Под окном день и ночь курили рабочие, решившие, что революция разрешила им брать табак из лавок задаром. Курили они и в подъезде, туша огарки папирос о старинную лепнину, мигом ставшую черной. За границами подъезда таял черный снег, обнажая грязь и похоть прошедшего лета; валялись сломанные фонари, осколки окон и доски. Слякоть текла рекой поперек Оки по Мариинскому мосту — город Орел апреля 1918-го.

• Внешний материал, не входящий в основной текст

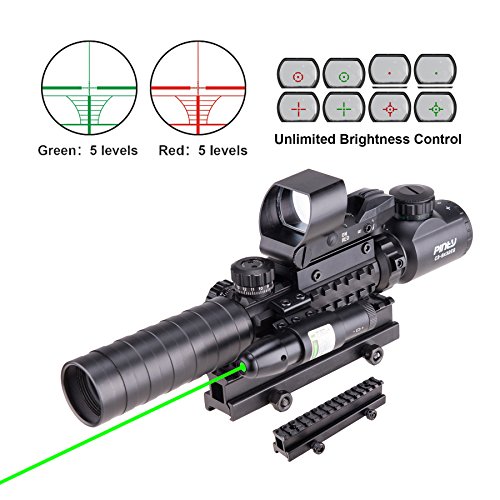 Pinty Rifle Scope 3-9x32 Rangefinder Illuminated Reflex Sight 4 Re...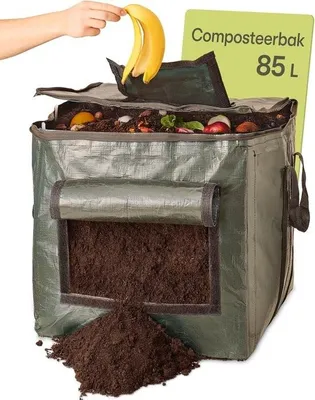 Zdjęcie produktu dla Mały pojemnik na kompost o pojemności 85 l – odporny na warunki atmosferyczne – wyjątkowo wytrzymały – z zaworem wentylacyjnym i wlewowym – szybki kompostownik do odpadów kuchennych i ogrodowych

Пишванин, двадцати черных лет, сын конюха, прапорщик, знаменитый летчик, не был простым демобилизованным офицером, распущенным вместе со всей армией после Брест-Литовска. Он был откровенно контрреволюционным офицером, говорившим всюду, что за революцию надо вешать, а солдат за пьянство и митинги — пороть до крови. На него покушались, но он ходил с гранатами и покушался в ответ. Пишванин давал отпор быстрый и крутой, не раз лишал обнаглевших солдат духа, если те слишком бурно демонстрировали свою лояльность советам. Красного солдата (иначе говоря — распропагандированного, слабого духом, сдавшего Россию ради сиюминутной драмы) Пишванин совершенно не выносил. Бил их и поноси́л, как мог; ему так «нравилось» солдата проучивать, что он не поехал домой самостоятельно, когда все уже поняли, что фронт пал. Его отправили домой насильно. Пытались угрожать судом и расстрелом — Пишванин под судом и расстрелом забрал с собой трехлинейку и гордо прошел мимо красных оскаленных лиц. Винтовку у него украли в поезде вместе с двумя орденами — солдатским Георгием 3-й степени и Анной 4-й. Георгий 4-й степени у него украли еще на фронте. Остались припрятанными Станислав 3-й и Владимир 4-й: за войну он сбил 2 австрийских и 7 германских самолетов; трижды был ранен — в плечо, сквозным — в грудь (от чего пролежал с чахоткой несколько месяцев) и в левую руку — оторвало указательный палец.
Гипнотический, никакого перед собой не видящий взгляд алмазных глаз запомнил все раны и хотел, кажется, отомстить. Но мстить было некому, — не мстить же массе глупых солдат? А потому Пишванин ходил заторможенным и никак не мог спокойно выдохнуть. Гладил черную линию усов на смуглом высоком лице и искал, как бы оживить свое сердце.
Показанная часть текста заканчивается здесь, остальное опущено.